Eine sehr detailierte Analyse zum Gutachten des BMWi. Eine der Kernaussagen ist die folgende
Um die Frage der Sinnhaftigkeit eines allgemeinen gesetzlichen Mindestlohns soll es an dieser Stelle, wie gesagt, nicht gehen. Im Hinblick auf das „Gutachten“ und sein argumentatives Vorgehen interessanter ist etwas anderes: Der Lohn, ab dem eine Altersrente von 850 Euro gewährleistet wäre, liegt angeblich pro Stunde mit 14,40 Euro (West) und 16,20 Euro (Ost) in der Tat vergleichsweise hoch. Und selbst ein Stundenlohn, der eine Rente auf Grundsicherungsniveau gewährleistet, beträgt immerhin noch 11,10 Euro (West) und 12,50 Euro (Ost). Nehmen wir an, diese im „Gutachten“ nicht weiter kommentierten Daten sind zutreffend, was mir auch einigermaßen realistisch zu sein scheint. Tatsächlich sind diese Daten mehr als interessant, denn sie zeigen, dass die Zahl der Arbeitnehmerinnen und Arbeitnehmer, deren Verdienst unterhalb dieser Schwellen liegt, enorm groß sein muss:
- Bei Vollzeitbeschäftigten lag laut DIW im Jahr 2010 der Medianlohn in Gesamtdeutschland bei 16,29 Euro, bei Teilzeitbeschäftigten bei 14,58 Euro pro Stunde. Diese Medianlöhne bewegen sich damit in etwa bei der Höhe, die das „Gutachten“ als notwendige Löhne für eine Altersrente von 850 Euro nennt. Der Medianlohn teilt alle Löhne in zwei gleich große Gruppen. Daraus folgt, dass etwa die Hälfte der Arbeitnehmerinnen und Arbeitnehmer keine Altersrente von 850 Euro erreichen werden.

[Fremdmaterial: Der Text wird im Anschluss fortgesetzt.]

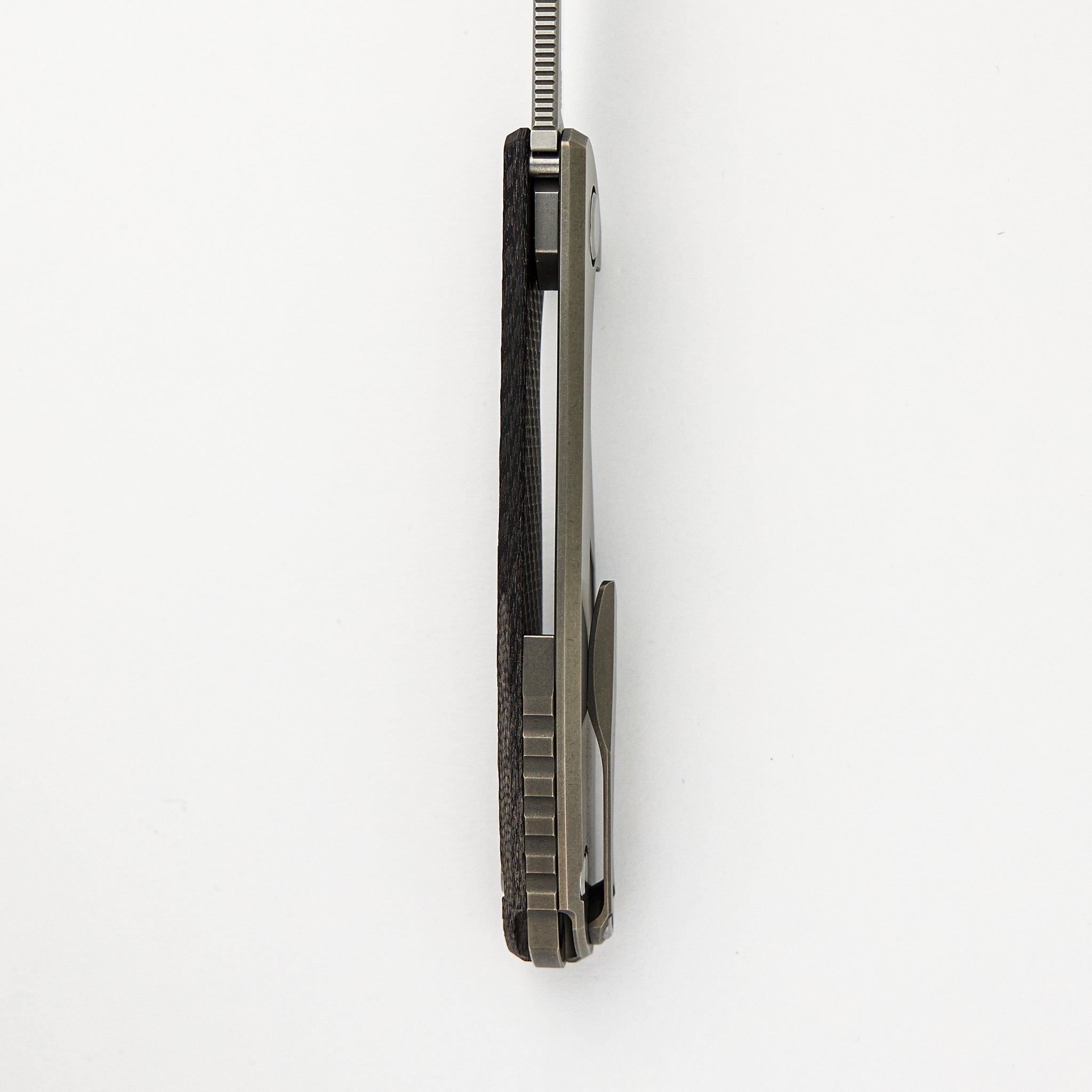 Hati R - Brown Alutex Handle - M390 Blade - MRBS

- Zieht man Untersuchungen des IAQ zum Niedriglohnsektor heran, kommt man zu ähnlichen bedenklichen Ergebnissen. 2010 lag die Niedriglohnschwelle in Deutschland bei 9,54 Euro (West) bzw. 7,04 Euro (Ost). 23,0 Prozent (West) bzw. 22,6 Prozent (Ost) der Beschäftigten – zusammen 7,8 Mio. Menschen – hatten einen Verdienst unter diesen Niedriglohnschwellen. Führt man sich vor Augen, dass für eine Altersrente auch nur auf Höhe der Grundsicherung ein weitaus höherer Stundenlohn notwendig ist, so ist klar: Die Zahl derer, die eine Altersrente auf Grundsicherungsniveau oder darunter zu erwarten haben, ist weitaus höher als ein knappes Viertel der Beschäftigten.
Dabei muss man immer im Hinterkopf haben, dass dieser Zustand politisch und gesellschaftlich gewollt ist. Er beruht auf keinerlei wirtschaftlichen Zwang, auch wenn uns das immer wieder eingeredet wird. Wenn der Wohlstand einer Gesellschaft jedes Jahr steigt, dann sollten alle Menschen daran partizipieren. Ist dies nicht der Fall, dann ist das keine höhere Gesetzmäßigkeit, sondern einer politischen und gesellschaftlichen Motivation geschuldet. Niemand zwingt uns, dass eine Minderheit auf Kosten der Mehrheit lebt und dieser Mehrheit verkauft, dass sie faul ist, da sie nicht zur Minderheit gehört.